L'estate dopo il suo arrivo, tuttavia, all'apice della forma trascinò i nerazzurri alla vittoria della Coppa Uefa contro la Lazio, dove segnò il terzo gol dopo una performance da 10, che era anche il numero che portava sulle spalle. Con l'Inter non avrebbe vinto più niente, tra un infortunio e l'altro, diventando anche la triste immagine dello Scudetto perso il 5 maggio 2002, quando scoppiò in lacrime a Roma. Poi, la rivincita al Mondiale di Corea e Giappone. Da capocannoniere.
La rivincita di Roberto Baggio
Il più grande genio del calcio italiano, quel Roberto Baggio che a Torino e a Milano aveva sentito troppo spesso i freni degli allenatori, ai quali si era aggiunto anche Arrigo Sacchi in nazionale, cercò quell'estate la rivincita in provincia. E proprio per scappare dall'ex tecnico della Nazionale, tornato in quel Milan dove il Divin Codino cercava una seconda giovinezza dopo la tappa alla Juventus, il campione veneto prese la via di Bologna.
Anche lì, nonostante tutto, ebbe a che fare con un allenatore che lo vedeva come un giocatore normale e non come il fenomeno che era. Renzo Ulivieri, che in alcune occasioni lo mise persino in panchina, ne limitò in qualche modo il minutaggio, ma non riuscì a fermare il suo talento. E a 30 anni Baggio si prese la scena giocando come mai aveva fatto, neanche quando era nel pieno delle sue forze. Perché quel Bologna ruotava intorno a lui, come i pianeti attorno al Sole.

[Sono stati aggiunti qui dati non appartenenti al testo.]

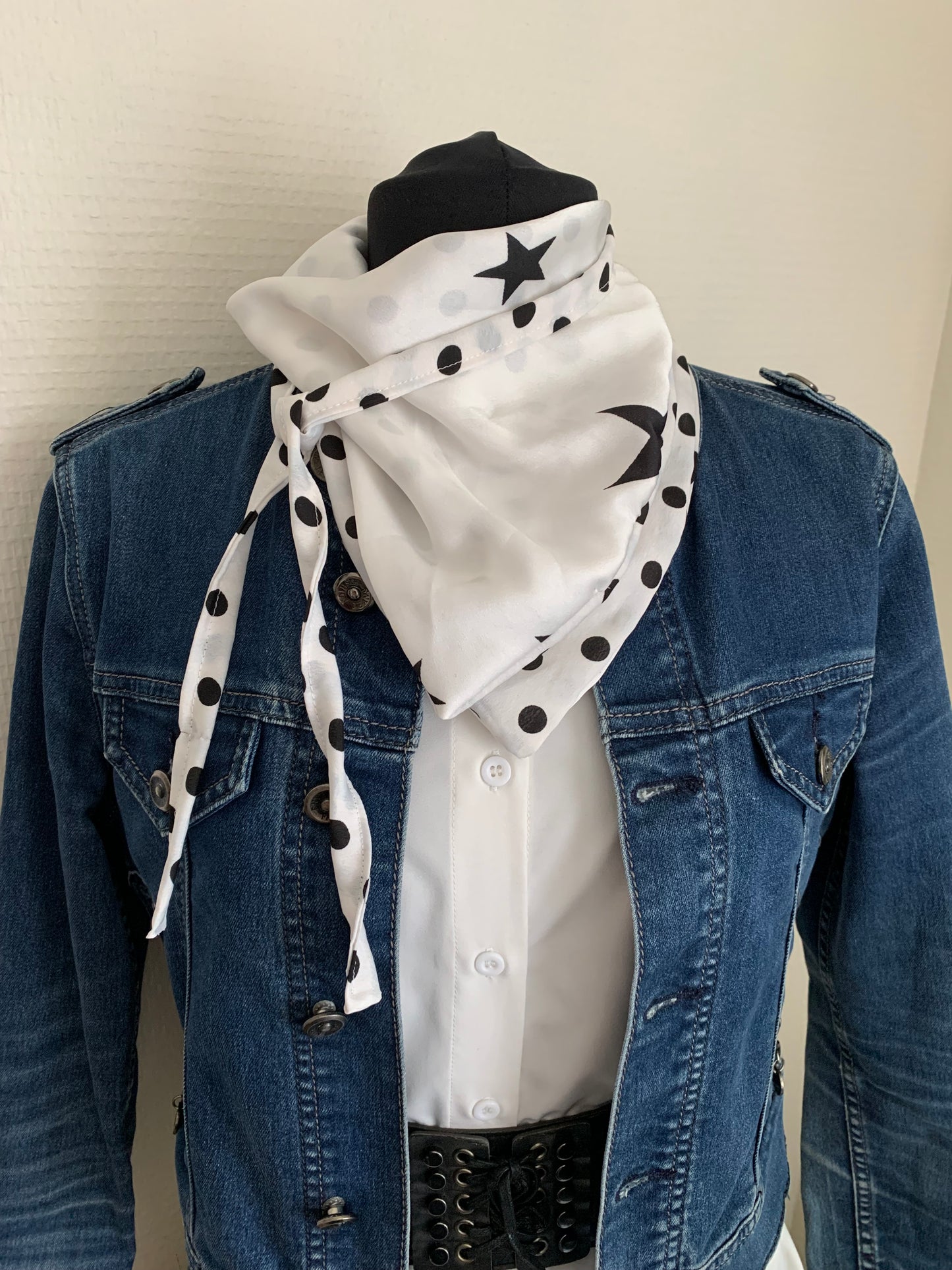 MIMI 28 Foulard bandana REVERSIBLE à lanières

22 gol in 30 partite lo fecero arrivare al terzo posto della classifica marcatori dietro Bierhoff e Ronaldo, e lo riportarono nel giro della nazionale, con la quale avrebbe partecipato ai Mondiali di Francia 1998. La sua rivincita era stata presa, e subito dopo arrivò la chiamata dell'Inter, che voleva farlo giocare proprio insieme al Fenomeno. Ma questa è un'altra storia
Brasiliani di fuoco
Oltre a Ronaldo, quell'anno ci furono altri due illustri brasiliani a riempire le pagine di calciomercato. Il primo fu un gran colpo dell'allora presidente della Roma Franco Sensi, che non badò a spese per offrire alla sua squadra il terzino destro Cafú, pagato 15 miliardi di lire. Una cifra importantissima per una squadra che allora veniva da un mediocre e triste 12esimo posto.

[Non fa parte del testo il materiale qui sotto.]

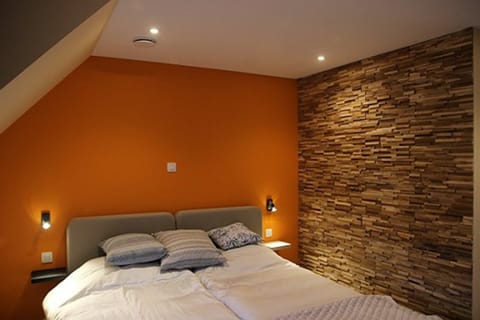 Double Room (Zomer) | Minibar, desk, soundproofing, free cribs/infant beds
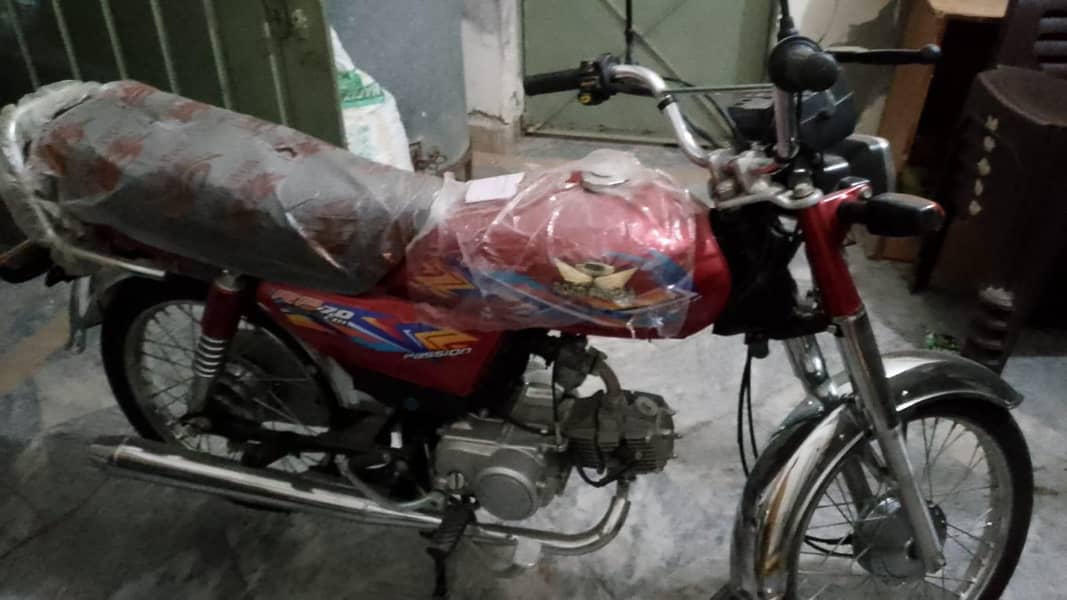 condition New 3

Proveniente dal Palmeiras, Cafú avrebbe fatto subito breccia nel cuore dei tifosi giallorossi, diventando un perno della squadra che poi avrebbe vinto il mitico terzo Scudetto nella stagione 2000-01, oltre a passare alla storia per un triplo sombrero a Pavel Nedved in un derby romano. Con la squadra capitolina avrebbe poi conquistato anche una Supercoppa Italiana, sempre dopo il tricolore, e rafforzato la sua posizione in nazionale, prima di passare al Milan nell'estate del 2003.

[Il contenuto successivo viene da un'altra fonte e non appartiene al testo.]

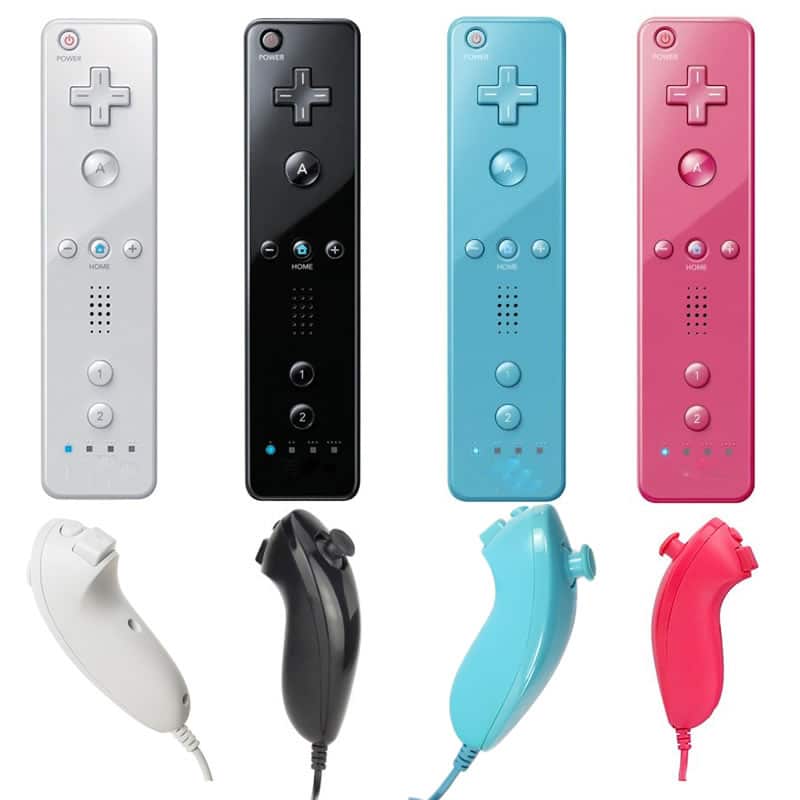 neli erinevat värvi juhtmeta mängupulti ja nunchuk lisaseadet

Un altro brasiliano che fece parlare di sé quell'estate fu Rivaldo, passato dal Deportivo al Barcellona per una cifra intorno ai 4 miliardi di pesetas, qualcosa che oggi corrisponderebbe a 24 milioni di euro. Il tutto all'ultima giornata di quel mercato, che quell'anno scadeva il 15 agosto. Un botto di Ferragosto vero e proprio quello del mancino paulista, il quale in blaugrana avrebbe vinto due campionati di Spagna e avrebbe preso la spinta nell'ultima stagione per trionfare da protagonista ai Mondiali del 2002 con la nazionale del Brasile, della quale il capitano era proprio Cafú.